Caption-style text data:
=-=-=-=-=
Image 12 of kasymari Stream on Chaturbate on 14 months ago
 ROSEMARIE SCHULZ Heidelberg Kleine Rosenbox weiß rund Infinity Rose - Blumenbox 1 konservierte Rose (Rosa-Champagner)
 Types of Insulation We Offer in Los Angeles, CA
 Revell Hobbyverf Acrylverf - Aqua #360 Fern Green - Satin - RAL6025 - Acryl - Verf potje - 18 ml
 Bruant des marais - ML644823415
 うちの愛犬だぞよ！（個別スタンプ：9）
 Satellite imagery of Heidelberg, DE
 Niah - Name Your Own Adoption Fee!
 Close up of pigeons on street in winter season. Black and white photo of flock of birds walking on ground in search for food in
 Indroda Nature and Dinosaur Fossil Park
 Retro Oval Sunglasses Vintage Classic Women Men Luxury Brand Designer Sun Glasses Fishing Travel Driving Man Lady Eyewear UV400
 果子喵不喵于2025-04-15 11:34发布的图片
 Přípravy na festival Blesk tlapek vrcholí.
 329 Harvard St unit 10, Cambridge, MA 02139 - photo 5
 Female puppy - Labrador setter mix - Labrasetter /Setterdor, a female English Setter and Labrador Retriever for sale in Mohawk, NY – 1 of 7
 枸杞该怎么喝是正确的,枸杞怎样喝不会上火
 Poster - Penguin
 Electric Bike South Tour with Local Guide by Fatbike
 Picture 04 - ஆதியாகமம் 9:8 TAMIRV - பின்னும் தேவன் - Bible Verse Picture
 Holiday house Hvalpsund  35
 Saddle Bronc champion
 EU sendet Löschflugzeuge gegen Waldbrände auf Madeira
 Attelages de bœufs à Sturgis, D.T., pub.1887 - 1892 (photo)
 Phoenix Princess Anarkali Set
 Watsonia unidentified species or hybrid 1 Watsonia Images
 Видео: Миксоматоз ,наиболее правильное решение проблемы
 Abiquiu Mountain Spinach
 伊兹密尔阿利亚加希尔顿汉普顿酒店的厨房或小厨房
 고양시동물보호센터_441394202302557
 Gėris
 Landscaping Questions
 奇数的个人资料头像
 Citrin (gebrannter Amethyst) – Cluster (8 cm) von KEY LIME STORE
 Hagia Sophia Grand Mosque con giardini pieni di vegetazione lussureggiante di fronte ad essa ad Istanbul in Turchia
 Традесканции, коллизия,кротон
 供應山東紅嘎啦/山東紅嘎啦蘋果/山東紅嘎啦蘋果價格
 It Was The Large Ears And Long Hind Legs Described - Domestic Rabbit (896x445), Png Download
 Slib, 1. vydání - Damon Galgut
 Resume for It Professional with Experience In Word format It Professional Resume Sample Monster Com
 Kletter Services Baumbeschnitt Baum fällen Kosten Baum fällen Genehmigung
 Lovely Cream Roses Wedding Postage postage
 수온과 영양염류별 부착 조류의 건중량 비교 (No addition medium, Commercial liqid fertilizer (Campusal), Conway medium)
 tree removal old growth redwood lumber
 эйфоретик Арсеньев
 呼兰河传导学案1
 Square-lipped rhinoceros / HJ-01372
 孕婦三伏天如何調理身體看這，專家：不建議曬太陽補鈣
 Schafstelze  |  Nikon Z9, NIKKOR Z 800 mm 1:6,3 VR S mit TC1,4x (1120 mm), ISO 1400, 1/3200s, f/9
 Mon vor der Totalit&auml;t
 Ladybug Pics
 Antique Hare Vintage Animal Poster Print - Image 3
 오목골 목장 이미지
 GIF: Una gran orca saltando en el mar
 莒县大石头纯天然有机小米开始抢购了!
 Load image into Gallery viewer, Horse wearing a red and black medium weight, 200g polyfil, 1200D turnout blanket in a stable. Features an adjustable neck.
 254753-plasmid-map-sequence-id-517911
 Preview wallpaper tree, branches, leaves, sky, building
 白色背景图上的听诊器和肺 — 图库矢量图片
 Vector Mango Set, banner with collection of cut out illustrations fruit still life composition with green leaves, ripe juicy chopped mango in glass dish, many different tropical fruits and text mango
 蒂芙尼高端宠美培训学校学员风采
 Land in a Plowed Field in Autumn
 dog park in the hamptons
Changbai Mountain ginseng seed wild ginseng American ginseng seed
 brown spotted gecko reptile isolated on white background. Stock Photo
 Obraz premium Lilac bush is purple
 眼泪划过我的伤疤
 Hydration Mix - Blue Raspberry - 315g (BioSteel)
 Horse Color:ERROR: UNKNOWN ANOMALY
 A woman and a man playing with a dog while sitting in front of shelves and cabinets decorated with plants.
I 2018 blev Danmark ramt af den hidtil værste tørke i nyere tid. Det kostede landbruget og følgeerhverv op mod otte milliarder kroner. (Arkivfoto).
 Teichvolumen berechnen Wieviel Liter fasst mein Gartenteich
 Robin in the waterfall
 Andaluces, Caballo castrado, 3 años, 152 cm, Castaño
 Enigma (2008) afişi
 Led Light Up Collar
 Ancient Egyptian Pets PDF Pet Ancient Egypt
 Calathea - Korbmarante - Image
=-=-=-=-=
_Task goal:_ All lines above with the word "leaves" need to be reported.

_Result of this exercise:_
 Preview wallpaper tree, branches, leaves, sky, building
 Vector Mango Set, banner with collection of cut out illustrations fruit still life composition with green leaves, ripe juicy chopped mango in glass dish, many different tropical fruits and text mango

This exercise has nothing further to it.